__Data for this exercise__.
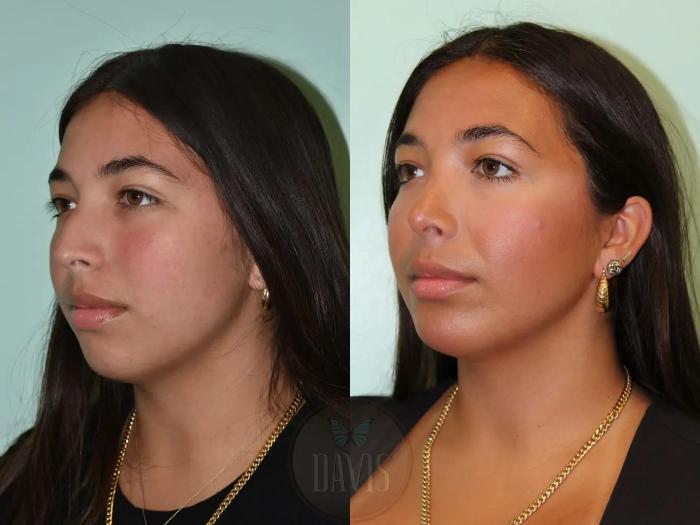 Before & After Female Rhinoplasty Case 1092 View 1 View in Tampa, FL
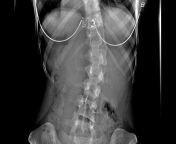 amanda scoliosis slide.jpg from scoliosis scan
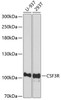 Western blot analysis of extracts of various cell lines using CSF3R Polyclonal Antibody at dilution of 1:1000.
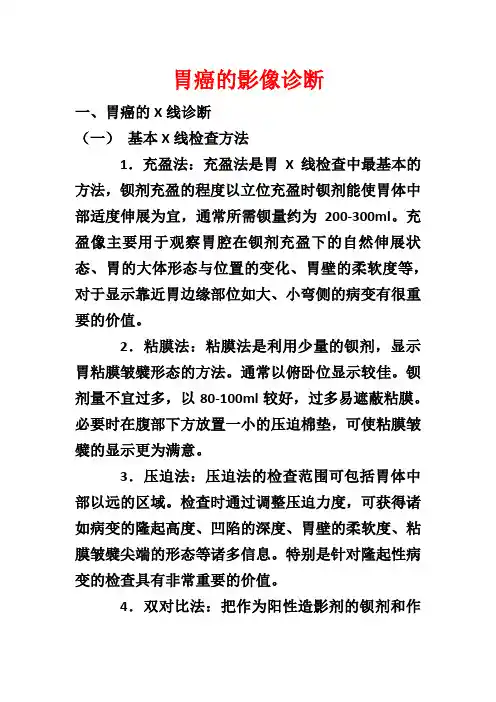 胃癌的影像诊断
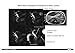 MRI Clinical Handbook: How To Scan MRI Exams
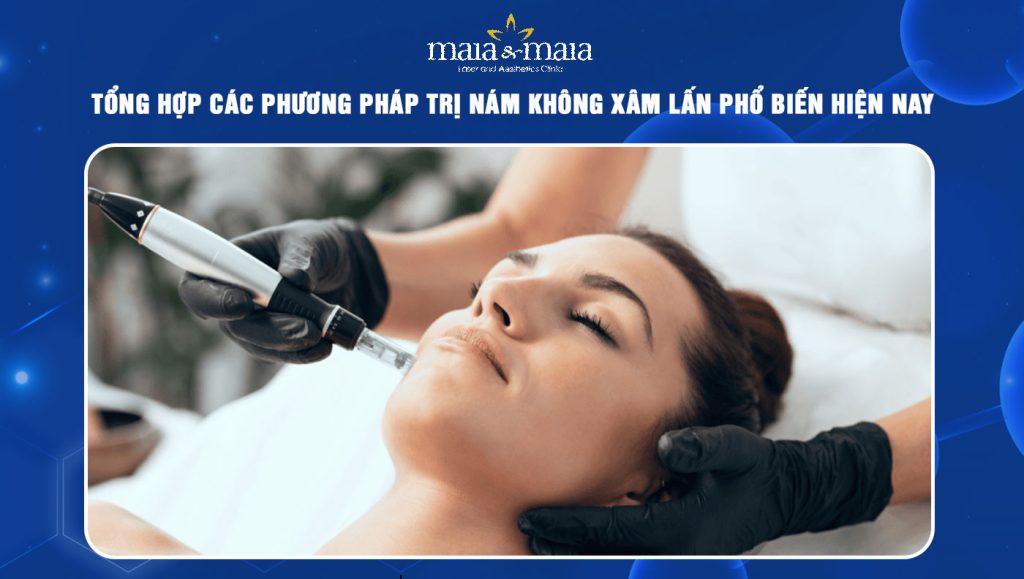 Tổng hợp các phương pháp trị nám không xâm lấn phổ biến hiện nay 1 trị nám không xâm lấn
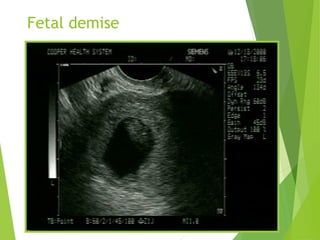 Fetal demise
 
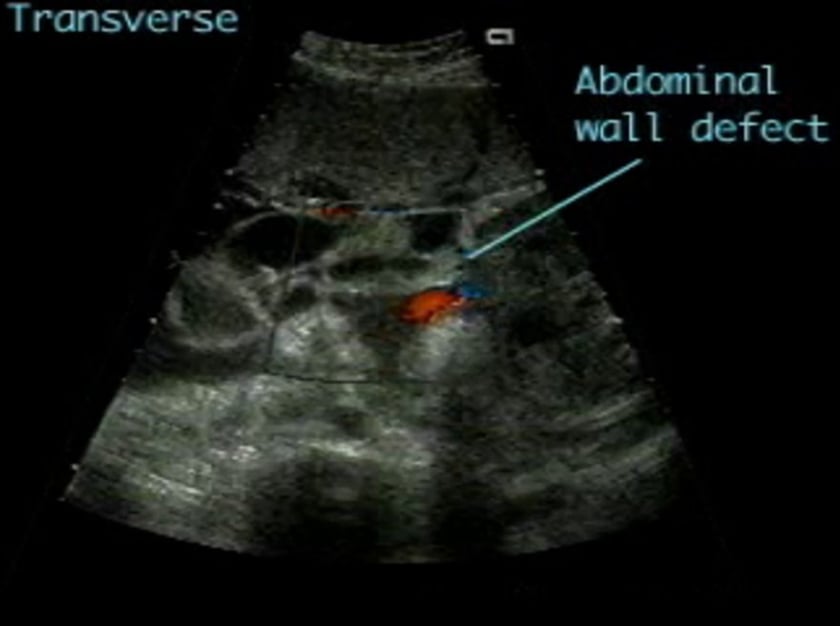 Gastroschisis – ULTRASOUNDPAEDIA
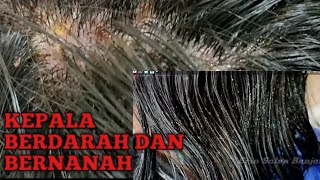 DETIK-DETIK KEPALA MENGELUARKAN DARAH DAN NANAH || KARENA KETOMBE DAN KUTU RAMBUT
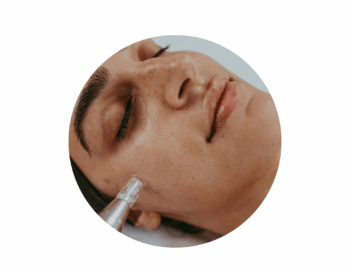 Woman receiving microneedling facial treatment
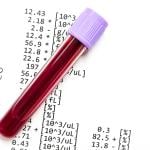 A blood sample over a CBC report document.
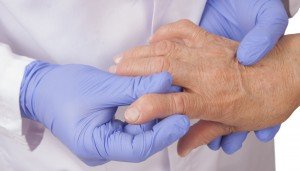 Як визначити артрит пальців рук, чим він небезпечний, методи його профілактики та лікування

__Goal of the exercise__.
Pictures excluded, copy exactly the lines running from the one with "Woman receiving microneedling" through the last line of the material.

__Written solution__.
 Woman receiving microneedling facial treatment
 A blood sample over a CBC report document.
 Як визначити артрит пальців рук, чим він небезпечний, методи його профілактики та лікування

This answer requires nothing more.